When I first started building on AWS, the instinct was to use access keys. Generate a key, drop it into an environment variable, done. Lambda reads from S3. EC2 writes to DynamoDB. Glue pulls from RDS. Each service authenticates with a static credential.

That falls apart quickly.

Keys leak through logs, environment dumps, or accident
Rotating them across dozens of services is painful
There’s no natural expiry
A leaked key stays valid until someone manually revokes it

AWS IAM solves this with a different model entirely.

No passwords. No static keys in services. Every identity is temporary, scoped, and auto-rotating.

The mechanism that makes this possible is STS — the Security Token Service.

2. Who Are You in AWS?

Before getting into STS, there’s a foundational concept worth getting right.
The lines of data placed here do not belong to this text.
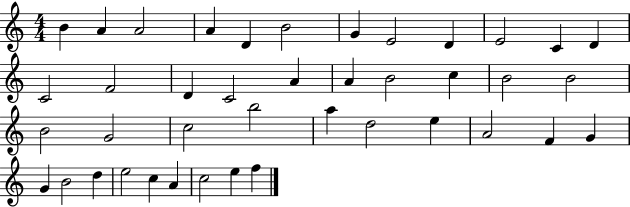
X:1
T:Untitled
M:4/4
L:1/4
K:C
B A A2 A D B2 G E2 D E2 C D C2 F2 D C2 A A B2 c B2 B2 B2 G2 c2 b2 a d2 e A2 F G G B2 d e2 c A c2 e f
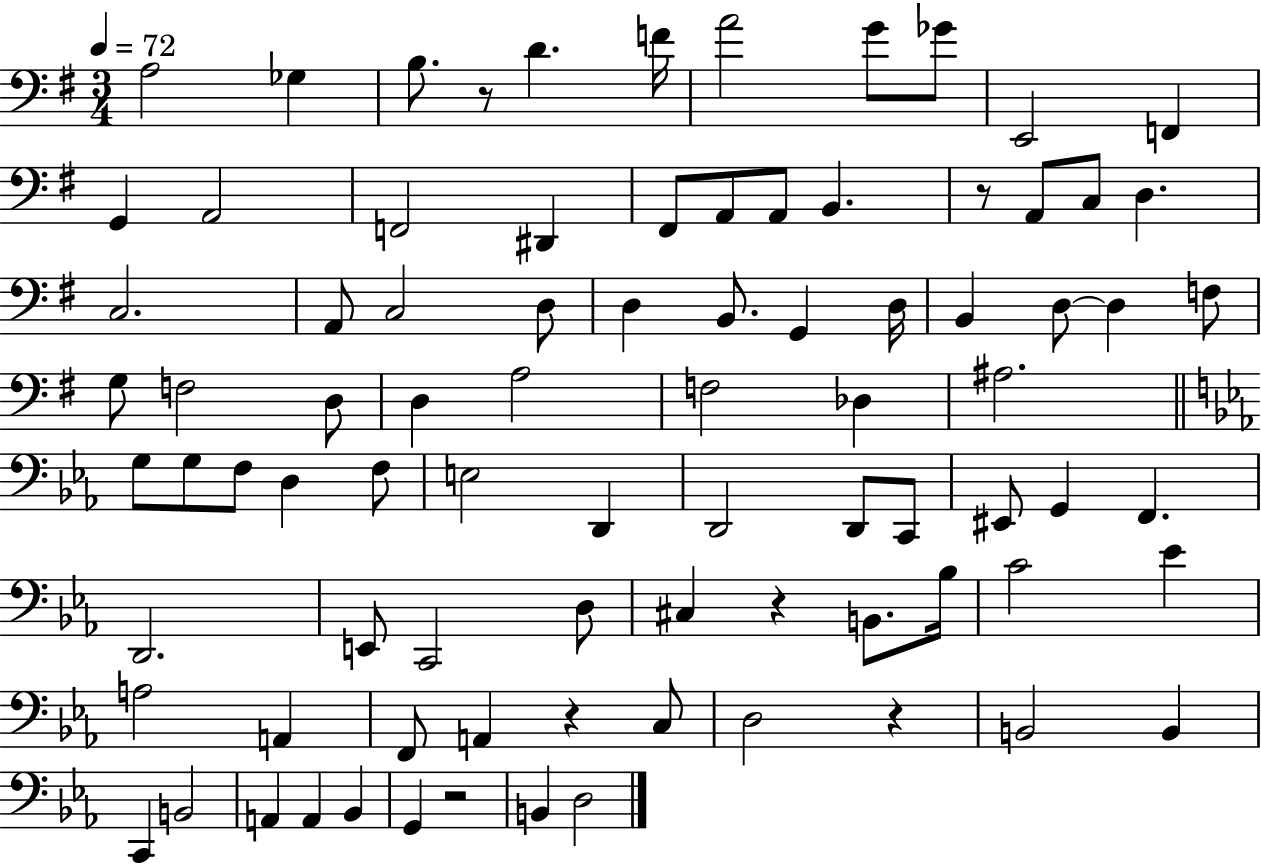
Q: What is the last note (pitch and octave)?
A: D3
In AWS, every entity that makes a request is called a Principal — the thing that is authenticated and making the request.

Principal Type      Example
---------------------------------------------------------------------------
IAM User            arn:aws:iam::123456789:user/vishal
IAM Role            arn:aws:iam::123456789:role/my-lambda-role
AWS Service         lambda.amazonaws.com
AWS Account         arn:aws:iam::123456789:root
Federated identity  via SAML / OIDC / Cognito
Everyone            *

I used to think of IAM Users as the primary identity in AWS. In practice, IAM Roles are the more important primitive. Roles aren’t tied to a person. They’re tied to a purpose. Any entity that AWS trusts can assume a role and act with its permissions.

That word — assume — is load-bearing. Everything else flows from it.

3. The Two Policies Every Role Has

An IAM Role is defined by two policies. Both matter.

Trust Policy — who is allowed to assume this role:

{
  "Version": "2012-10-17",
  "Statement": [
    {
      "Effect": "Allow",
      "Principal": {
        "Service": "lambda.amazonaws.com"
      },
      "Action": "sts:AssumeRole"
    }
  ]
}

This says: only the Lambda service is allowed to assume this role.

Permission Policy — what this role is allowed to do:

{
  "Version": "2012-10-17",
  "Statement": [
    {
      "Effect": "Allow",
      "Action": ["s3:GetObject", "s3:PutObject"],
      "Resource": "arn:aws:s3:::my-bucket/*"
    }
  ]
}

This says: whoever assumes this role can read and write objects in my-bucket.

Two separate concerns. Who can become this identity. What this identity can do.

Trust policy = the door. Permission policy = what’s behind it.

4. How a Request Actually Gets to AWS

Before following a request end-to-end, there’s one more piece to understand: how do humans and applications even reach AWS?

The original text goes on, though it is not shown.